Comment

Muslim Parent Upset Over School Flyer Promoting Church's Easter Egg Hunt

16
J A P4/05/2014 9:04:09 pm PDT

If I had a child in that school I’d be mad. I’m speaking not simply as an atheist who was raised by two non-believing parents, but as someone who grew up in a town that had a large Jewish population. Anything that smacked of even the slightest whiff of favoritism towards Christianity received a push back. The thing about the social pressure inherent in a dominant culture is that its not just one event. It’s the constant drip, drip, drip. So, your sense that you want to look at this event and shrug is spot on. But now pile it up as a childhood of one event like this after another where Christians seem to receive some slight favoritism from institutions. It gives the child a very pointed message about his or her place in the community.

Secularism is a funny concept. Many people seem to interpret it to mean non-religious. Really, it’s a neutral ground that allows us all to live together harmoniously. Although the Jews in our town were not the only non-Christians, the were the only group large enough and organized enough to push back against this sort of thing. All of us benefited from it, I think, including the Christians who learned to consider the feelings of others.
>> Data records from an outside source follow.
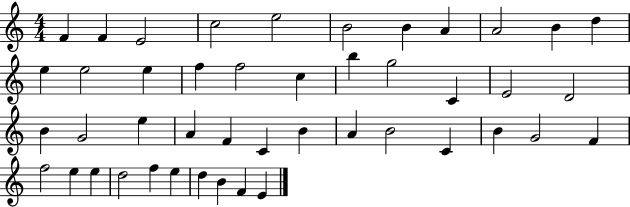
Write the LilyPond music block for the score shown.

{
  \clef treble
  \numericTimeSignature
  \time 4/4
  \key c \major
  f'4 f'4 e'2 | c''2 e''2 | b'2 b'4 a'4 | a'2 b'4 d''4 | \break e''4 e''2 e''4 | f''4 f''2 c''4 | b''4 g''2 c'4 | e'2 d'2 | \break b'4 g'2 e''4 | a'4 f'4 c'4 b'4 | a'4 b'2 c'4 | b'4 g'2 f'4 | \break f''2 e''4 e''4 | d''2 f''4 e''4 | d''4 b'4 f'4 e'4 | \bar "|."
} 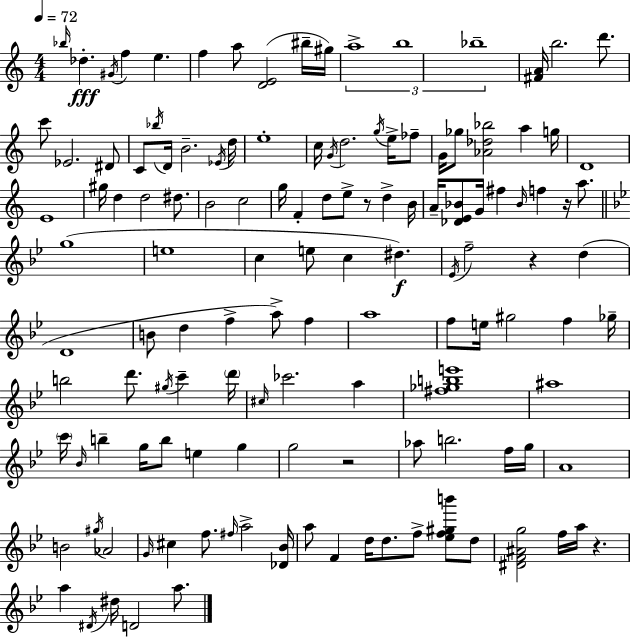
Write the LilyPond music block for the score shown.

{
  \clef treble
  \numericTimeSignature
  \time 4/4
  \key c \major
  \tempo 4 = 72
  \grace { bes''16 }\fff des''4.-. \acciaccatura { gis'16 } f''4 e''4. | f''4 a''8 <d' e'>2( | bis''16-- gis''16) \tuplet 3/2 { a''1-> | b''1 | \break bes''1-- } | <fis' a'>16 b''2. d'''8. | c'''8 ees'2. | dis'8 c'8 \acciaccatura { bes''16 } d'16 b'2.-- | \break \acciaccatura { ees'16 } d''16 e''1-. | c''16 \acciaccatura { g'16 } d''2. | \acciaccatura { g''16 } e''16-> fes''8-- g'16 ges''8 <aes' des'' bes''>2 | a''4 g''16 d'1 | \break e'1 | gis''16 d''4 d''2 | dis''8. b'2 c''2 | g''16 f'4-. d''8 e''8-> r8 | \break d''4-> b'16 a'16-- <des' e' bes'>8 g'16 fis''4 \grace { bes'16 } f''4 | r16 a''8. \bar "||" \break \key bes \major g''1( | e''1 | c''4 e''8 c''4 dis''4.\f) | \acciaccatura { ees'16 } f''2-- r4 d''4( | \break d'1 | b'8 d''4 f''4-> a''8->) f''4 | a''1 | f''8 e''16 gis''2 f''4 | \break ges''16-- b''2 d'''8. \acciaccatura { gis''16 } c'''4-- | \parenthesize d'''16 \grace { cis''16 } ces'''2. a''4 | <fis'' ges'' b'' e'''>1 | ais''1 | \break \parenthesize c'''16 \grace { bes'16 } b''4-- g''16 b''8 e''4 | g''4 g''2 r2 | aes''8 b''2. | f''16 g''16 a'1 | \break b'2 \acciaccatura { gis''16 } aes'2 | \grace { g'16 } cis''4 f''8. \grace { fis''16 } a''2-> | <des' bes'>16 a''8 f'4 d''16 d''8. | f''8-> <ees'' f'' gis'' b'''>8 d''8 <dis' f' ais' g''>2 f''16 | \break a''16 r4. a''4 \acciaccatura { dis'16 } dis''16 d'2 | a''8. \bar "|."
} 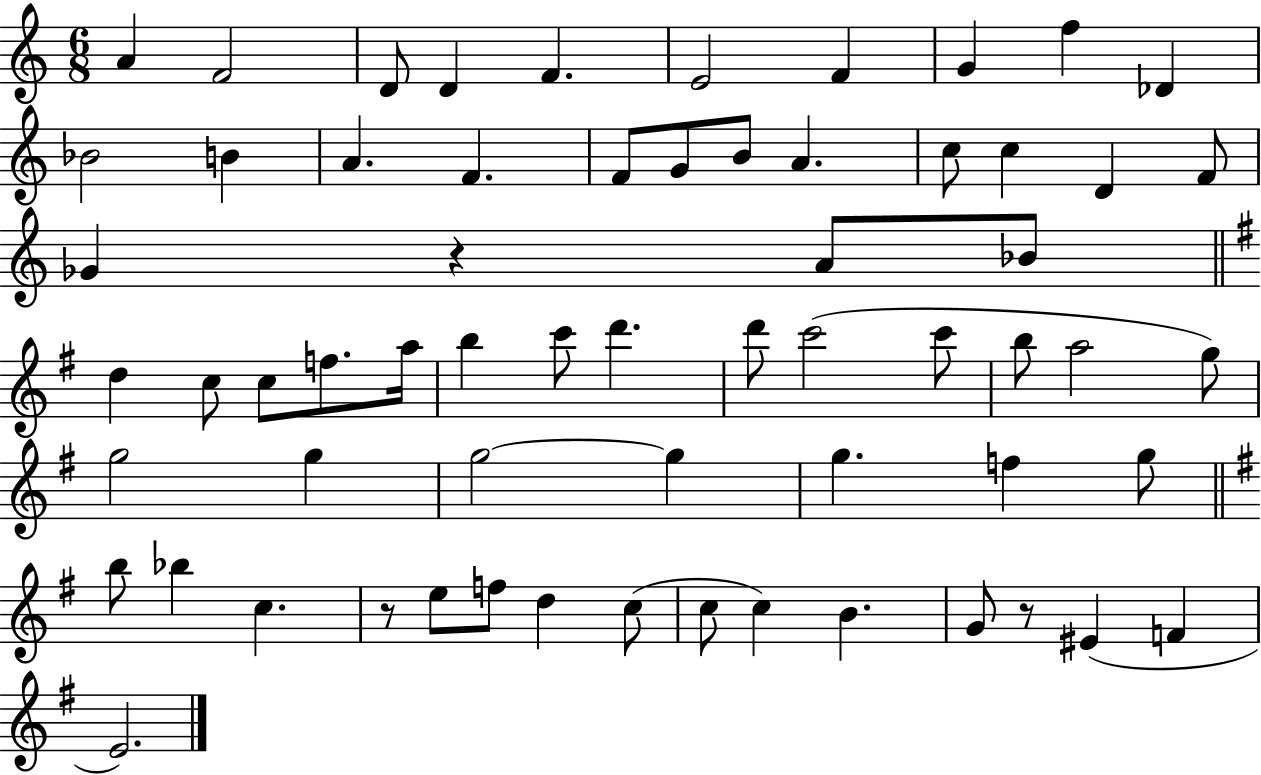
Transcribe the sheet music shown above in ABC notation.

X:1
T:Untitled
M:6/8
L:1/4
K:C
A F2 D/2 D F E2 F G f _D _B2 B A F F/2 G/2 B/2 A c/2 c D F/2 _G z A/2 _B/2 d c/2 c/2 f/2 a/4 b c'/2 d' d'/2 c'2 c'/2 b/2 a2 g/2 g2 g g2 g g f g/2 b/2 _b c z/2 e/2 f/2 d c/2 c/2 c B G/2 z/2 ^E F E2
Oh, yes. I went to the Purim festival at the local reform temple every year. I don’t recall flyers ever being handed out in school, though. It’s not the Easter egg hunt itself. Its the teachers handing out the flyers.

It might be worth adding that one aspect of my childhood that I can genuinely look back on with some fondness, and not a small amount of nostalgia, is the fact that as kids so many of us came from different religions but it didn’t affect our ability to be friends.